The pendulum of Rebels has moved back and forth between the Force-centric and the martial-centric quite a bit this season so far. It’s been a gradually growing shift of emphasis from episodes based around Ezra and Kanan trying to pick up the pieces of what happened after “Twilight of the Apprentice” to the theme of unity beginning to grow among the rebel cells that we saw through the first two seasons. As the timeline moves closer to Rogue One and A New Hope, the Rebel Alliance that we know and love is in its infant stages, with groups working in closer and closer harmony. This is not done in a vacuum, though, since greater rebel activity has naturally drawn more and more attention to the various “fulcrums” of that same unity across the galaxy.
More than anything, this week’s episode demonstrated the escalation between the two major factions we’ve seen throughout Rebels. The Rebellion is beginning to take shape, with the Ryloth cell working hand in hand with Hera to coordinate activities and evacuations of key people like Cham Syndulla after being put on the run by Imperial forces. At the same time, however, Grand Admiral Thrawn has made his way to Ryloth due either to orders from on high or by his own volition, backing up Captain Slavin and turning the tide against Cham and his forces by promoting swift, decisive assaults against key positions, like Cham’s home province.
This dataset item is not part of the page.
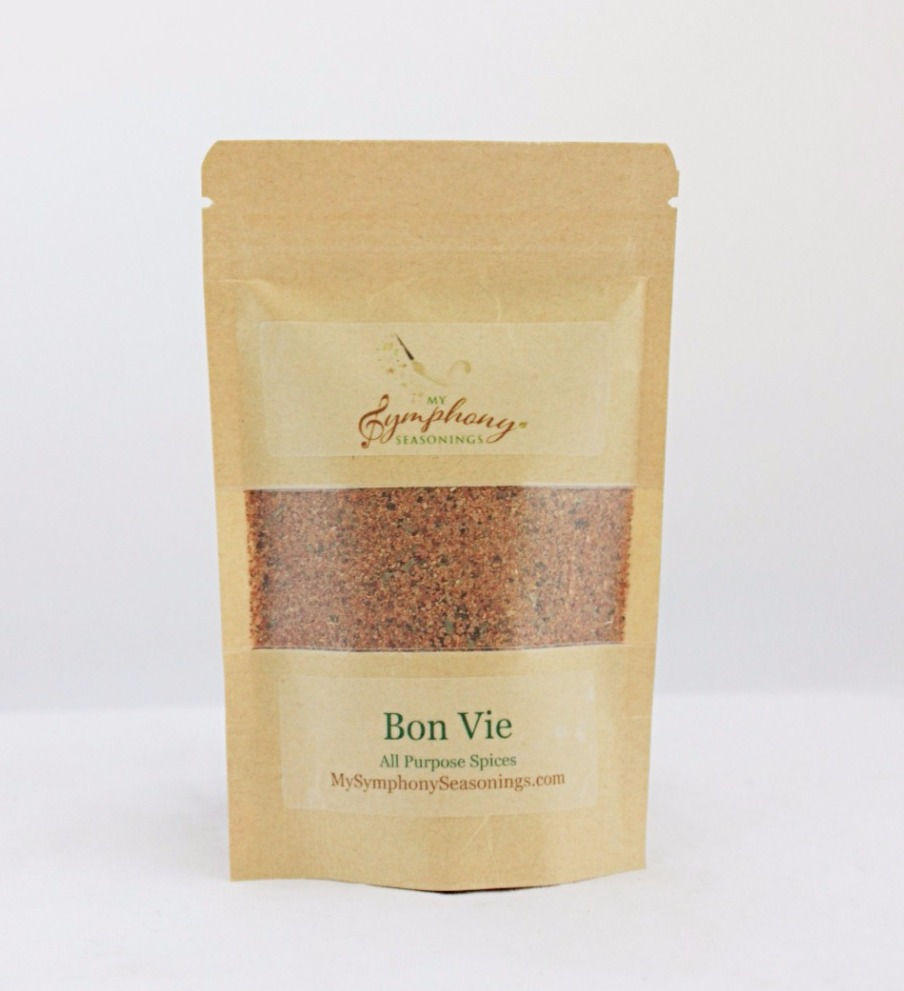 Thumbnail: Bon Vie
The larger Rebellion is forming, and Thrawn knows it. He preys on the connection between Hera and her father by blockading Ryloth and forcing Cham to go on the run, knowing that she and her crew would be along shortly to try and run the blockade and save the day. But the destruction of Hera’s group and their cell is not the goal he has set for himself; he values information more than the piddling victory that would come from the death or capture of the Syndulla family or even the subjugation of Ryloth.
Thrawn knows (and we know) that the Rebellion will continue to grow. References to people like General Dodonna and Saw Gerrera are more that just name-dropping people who are fighting the same fight elsewhere. They are foreshadowing. The introduction of Wedge Antilles and Derek ‘Hobbie’ Klivian last week was a view of the new generation of rebels coming up, of those who have heard about the fight that is already going on and jumping at the opportunity to join in. Cham and Hera represent the older generation, the ones who fought Separatist occupation during the Clone Wars and refuse to surrender the freedom their comrades died for then.
The bridging of those generations is what makes Rebels the show that it is. By using characters from its predecessor show, and by referencing that era and showing the parallels and pain wrought in the characters by years of war, Rebels is going beyond what any other story was able to do in this era. Back when the EU was young, the rise of the Empire and formation of the Rebellion happened off-screen in relative obscurity, shown in novels and RPG sourcebooks. The events of the Clone Wars were at first entirely unknown (and off-limits), and once they started to become known it was too late to go back and change a lot of the things that had happened. That left two distinct eras, the original trilogy era and the prequel trilogy era, the Galactic Civil War and the Clone Wars, with a gulf between them.
Now, the two exist on the same plane. Those events in the novels and RPG books didn’t happen, or if they did they happened differently than we were told before. People like Saw Gerrera, Ahsoka Tano and Cham Syndulla are important to the formation of the Rebellion in a way that makes the era they inhabit matter more, not just within their own stories, but beyond. People who fought for the galaxy’s freedom once would not lie back and watch as it was threatened again. The ties that bind the galaxy together from a narrative standpoint are that much stronger now that so much more of the recent past has been shown and told. The rebel cells that fought the Empire before the Alliance did not spring from nowhere.
While Thrawn’s plan for the utter destruction of the Rebel fleet won’t come to pass, his theory on its existence or pending formation is entirely accurate. We know that he won’t entirely succeed because some people have to survive and fight another day, once the Death Star is unveiled for the first time above Alderaan. What Rebels will show us is the Empire doing whatever it can to keep that threat from forming before it becomes a true, real threat. We know that doesn’t happen, but why let that ruin the fun?
One thought to “Rebels Revisited: Escalation”
I like that Rebels is showing us more about the build-up of the Rebels. Some of the show’s progression reminds me of Mao’s writings on the phases of guerilla warfare. It’s interesting to watch.
On the other hand, Thrawn is turning into a “Mighty Casey” sort of character. He’s gonna look really silly when he finally swings and misses.